In April 2019, Spittoon Beijing and Spittoon Gothenburg staged a simultaneous live webcast connecting two cities, two continents, and two literary communities through a shared projector screen called The Shimmering Wall.

Two cities, one event

Spittoon started as a simple poetry night on Baochao Hutong in 2015, a way to bring people from different continents together through translation and good company. By 2019 it had grown into a multi-city organisation across China with an international chapter in Gothenburg, Sweden. The Shimmering Wall was the moment those two worlds met in real time.

On Sunday April 28th, 2019, Spittoon Beijing and Spittoon Gothenburg staged a simultaneous webcast. Both communities performed to each other through a large projector screen, 9pm in Beijing and 3pm in Gothenburg, with acts in succession from each city. Poetry, music, and mixed media crossing twelve time zones live.

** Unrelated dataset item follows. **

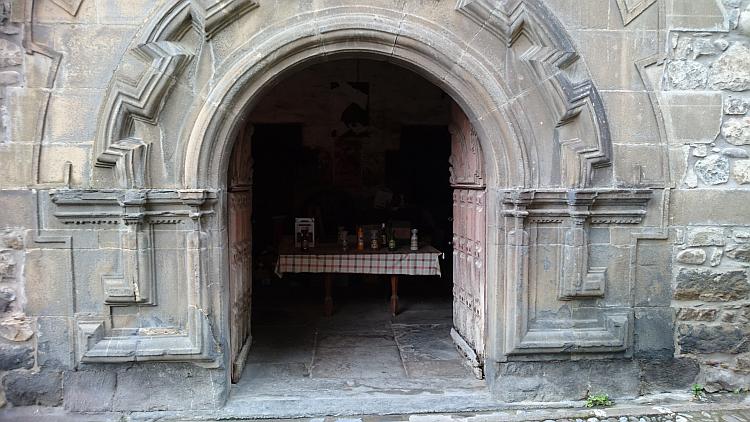 An ornate and detailed carved stone doorway and hefty wooden door in Potes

Poet Erik Malm performs from Gothenburg

How it came together

In 2017, Chilean-born filmmaker and poet Matias Ruiz-Tagle, formerly Spittoon Beijing’s fiction event host, left China and relocated to Gothenburg. He took Spittoon with him. By April 2019 the Gothenburg chapter was preparing for its seventh monthly event, with an audience fascinated by what was happening in China and a Beijing audience equally intrigued by what Matias had built in Sweden. The Shimmering Wall was the natural next step.

Matias Ruiz Tagle and Spittoon Gothenburg event

What Beijing brought to the wall

The Beijing programme centred on Spittunes, Spittoon’s music and poetry collaboration format in which a band or musical artist is paired with a poet to create a special piece inspired by the poet’s work. Three acts performed on the night.

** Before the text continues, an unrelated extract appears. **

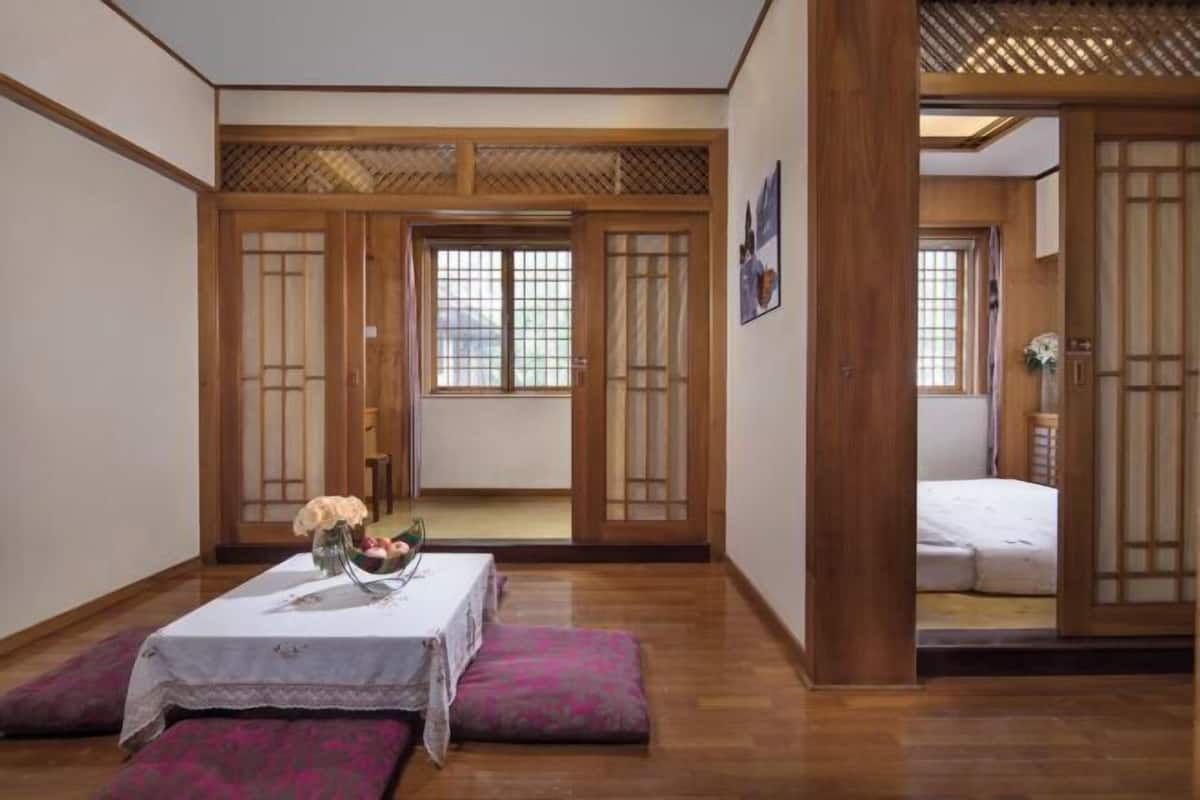 A traditional Japanese room with tatami flooring, a low table with a vase, and sliding doors.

Spittoon Founder, Matthew Byrne, hoping it will go well

Daniel Rothwell and Jumi Bello

Musician Daniel Rothwell, lover of spontaneous noise and experimental collaboration, paired with poet Jumi Bello, who had published two poetry collections by the age of twenty-one and lived across North America, Taiwan, and beyond. When she is not writing she teaches high school history. Washington DC is home.

Anthony Tao, Liane Halton, and Nina Dillenz

Poet and editor Anthony Tao, whose work has appeared in Prairie Schooner, The Cortland Review, Frontier, and others, collaborated with musician Liane Halton, a classically trained guitarist and composer who moves between contemporary world, classical, and jazz styles in Beijing. The performance incorporated an animation show by Nina Dillenz, adding a visual dimension to the poetry and music collaboration.

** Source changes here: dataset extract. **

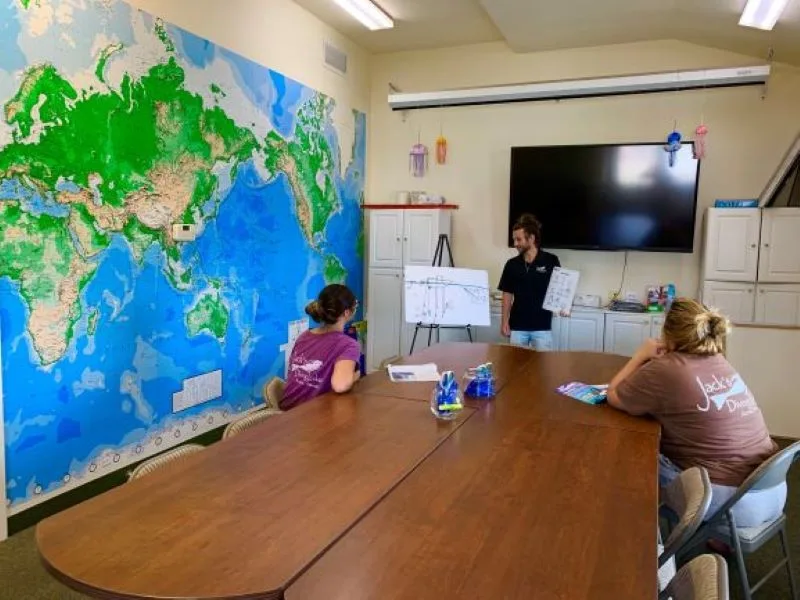 Cours de plongée en salle avec une carte du monde en fond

Chinese poetry in translation

Beijing also brought Chinese poetry in translation to the wall, performed by Zuo Fei, a Beijing-based university English teacher and poet who runs a WeChat platform introducing foreign poetry to Chinese readers. She has been actively involved in translation since 2016 and holds an MA from Beijing Foreign Studies University.

Zuo Fei performs for the Gothenburg collective

What Gothenburg brought to the wall

The Gothenburg programme offered a selection of poetry performance and mixed media from the Swedish literary underground, showcasing the distinctive experimental character that Spittoon Gothenburg had developed under Matias over its first two years.